### PROBLEM DESCRIPTION
Every record must be copied exactly, except that pictures are dropped.

-- INFORMATION SUPPLIED follows --

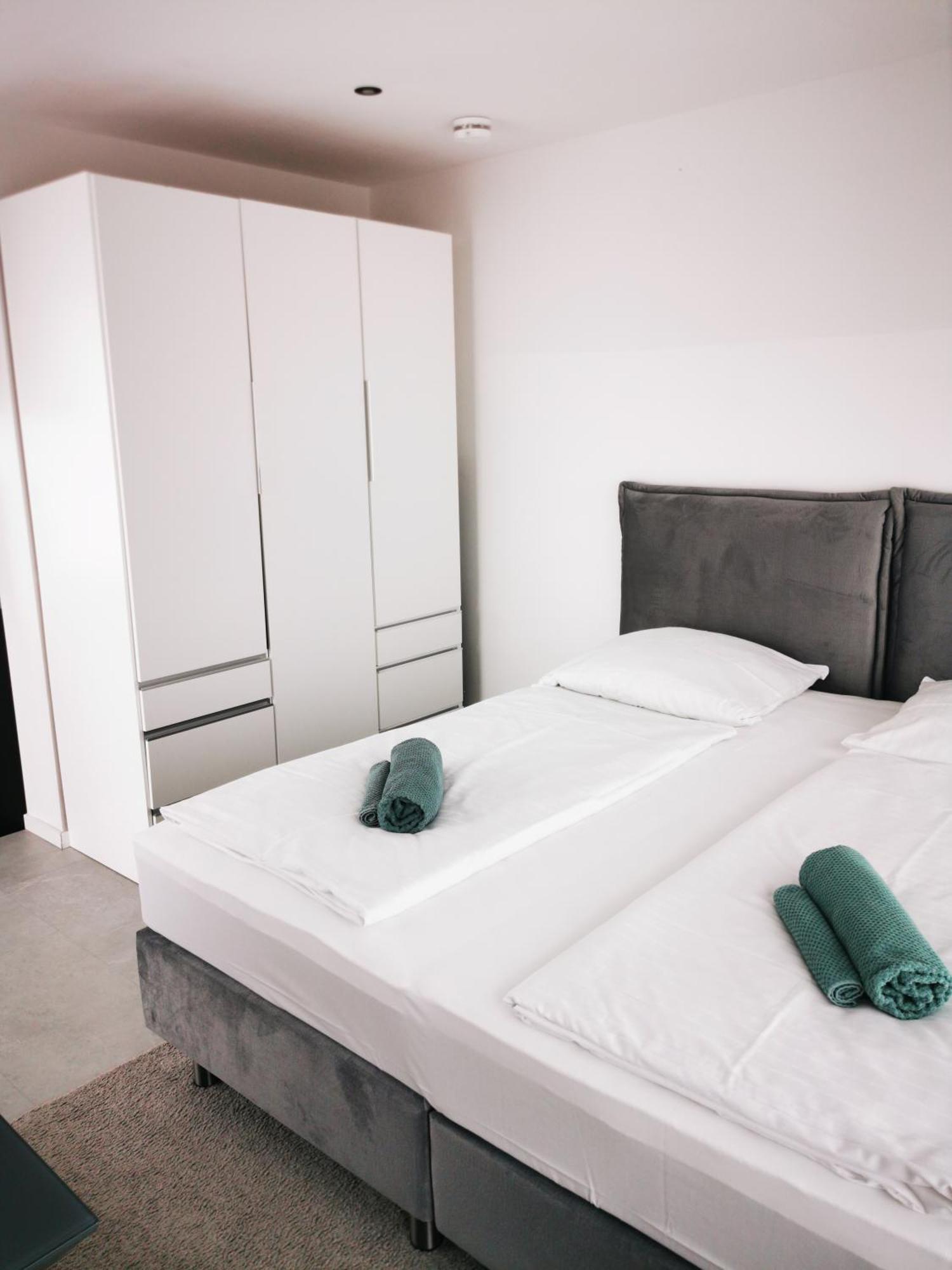 Hh 03 By Rockchair - Superhost Status - Modernes Apartment Mit Sonnigem Balkon & Premium Boxspringbetten In Winterhude - Hamburg Top Geheimtipp 外观 照片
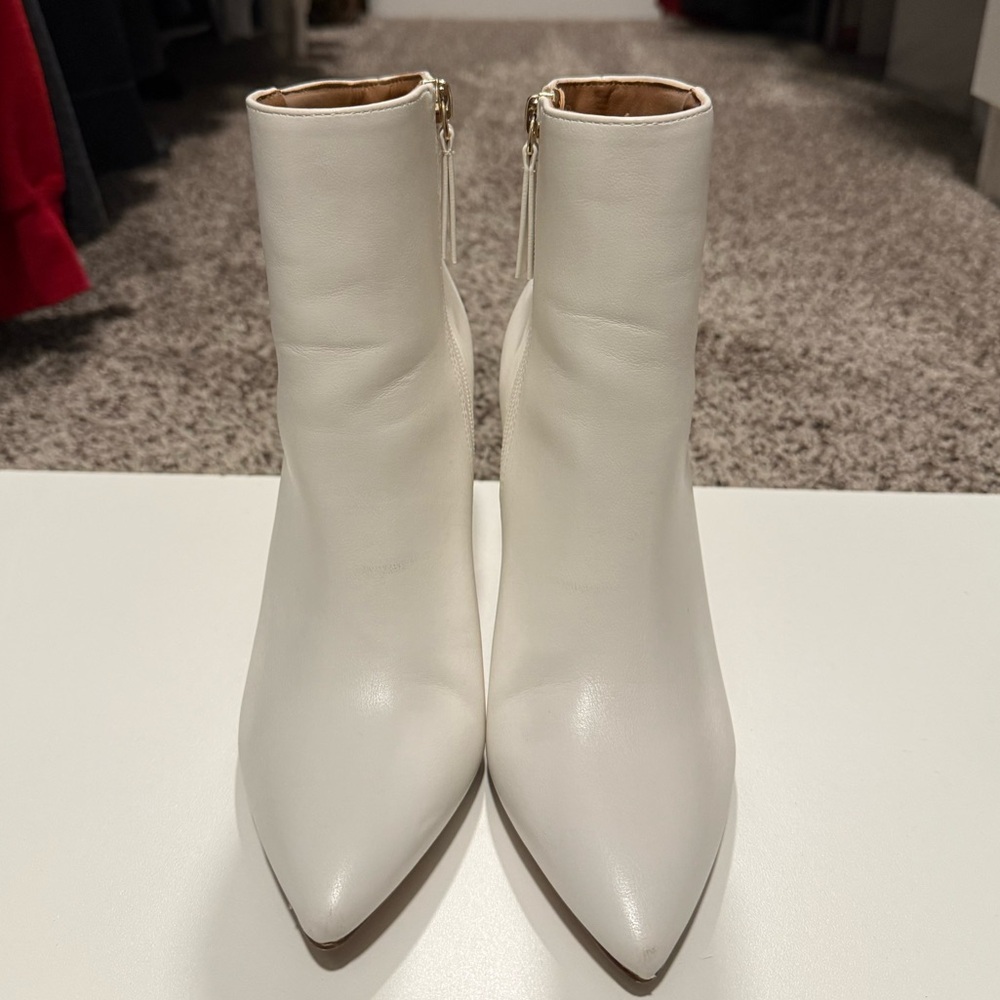 Madden Girl Flexx 6.5 white bootie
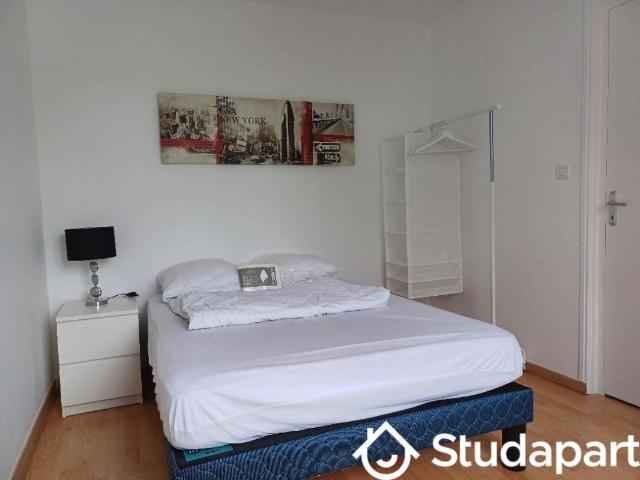 Chambre dans une colocation de 12m2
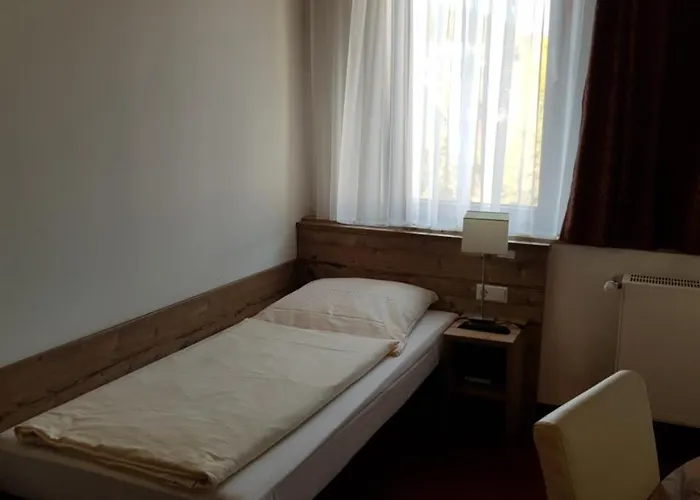 Alte Krone Szálloda 2*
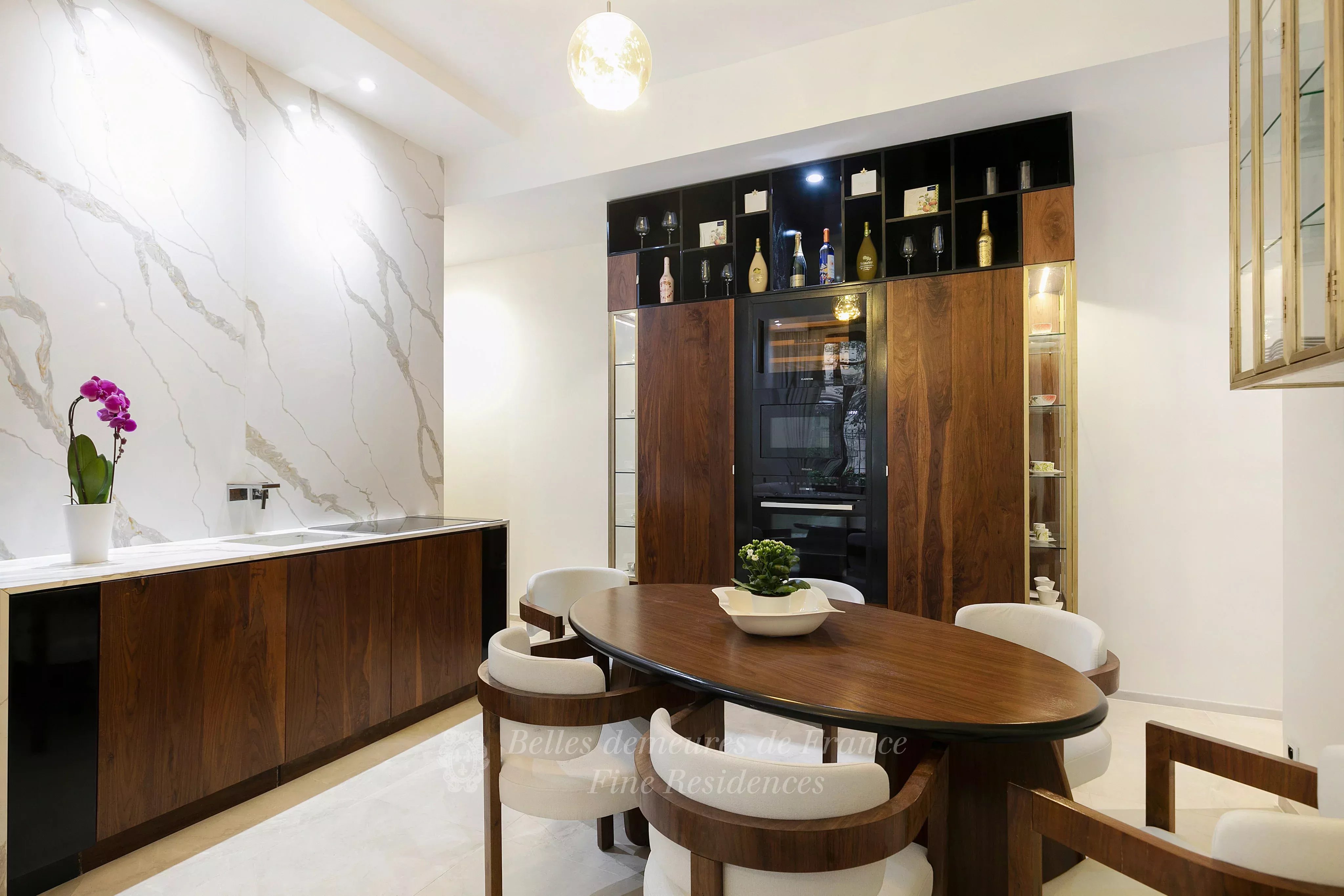 Salle à manger, cuisine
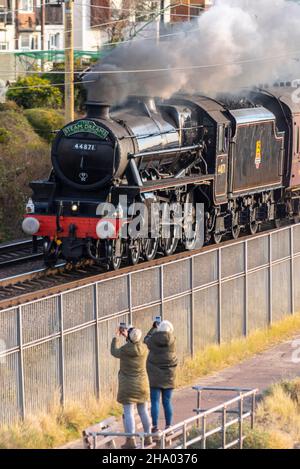 LMS Stanier Black cinque locomotiva a vapore che trasporta un treno Steam Dreams da Southend on Sea, Essex a Oxford, passando Chalkwell. Persone che scattano foto Foto Stock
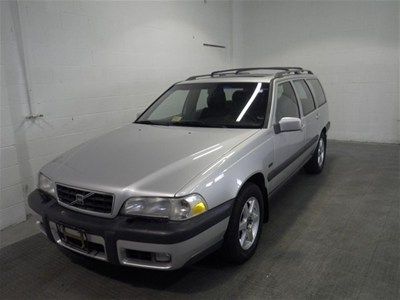 1998 volvo v70 awd  ** no reserve **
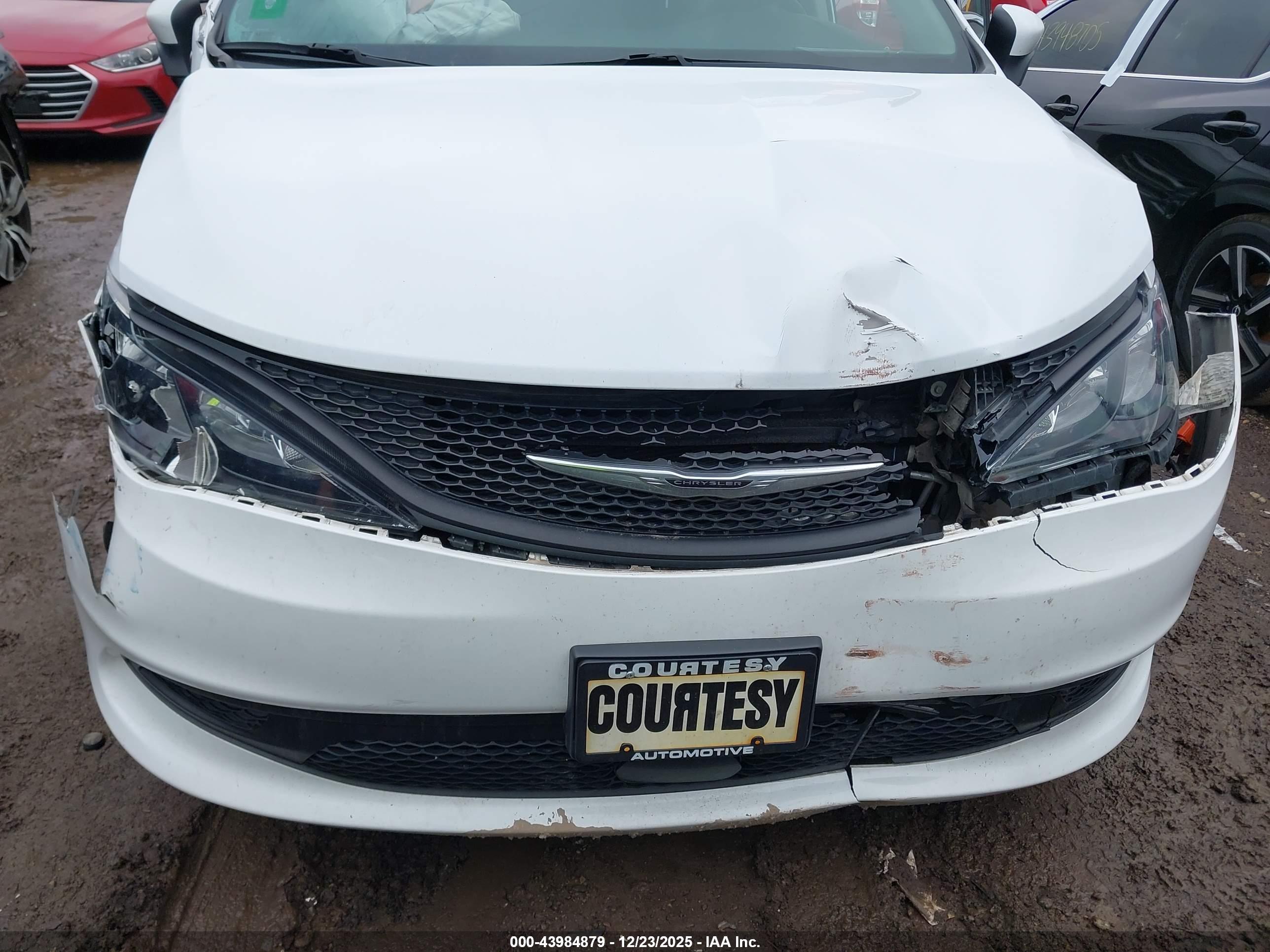 CHRYSLER VOYAGER image 6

-- INFORMATION SUPPLIED concluded --

### EXPECTED ANSWER
 Hh 03 By Rockchair - Superhost Status - Modernes Apartment Mit Sonnigem Balkon & Premium Boxspringbetten In Winterhude - Hamburg Top Geheimtipp 外观 照片
 Madden Girl Flexx 6.5 white bootie
 Chambre dans une colocation de 12m2
 Alte Krone Szálloda 2*
 Salle à manger, cuisine
 LMS Stanier Black cinque locomotiva a vapore che trasporta un treno Steam Dreams da Southend on Sea, Essex a Oxford, passando Chalkwell. Persone che scattano foto Foto Stock
 1998 volvo v70 awd  ** no reserve **
 CHRYSLER VOYAGER image 6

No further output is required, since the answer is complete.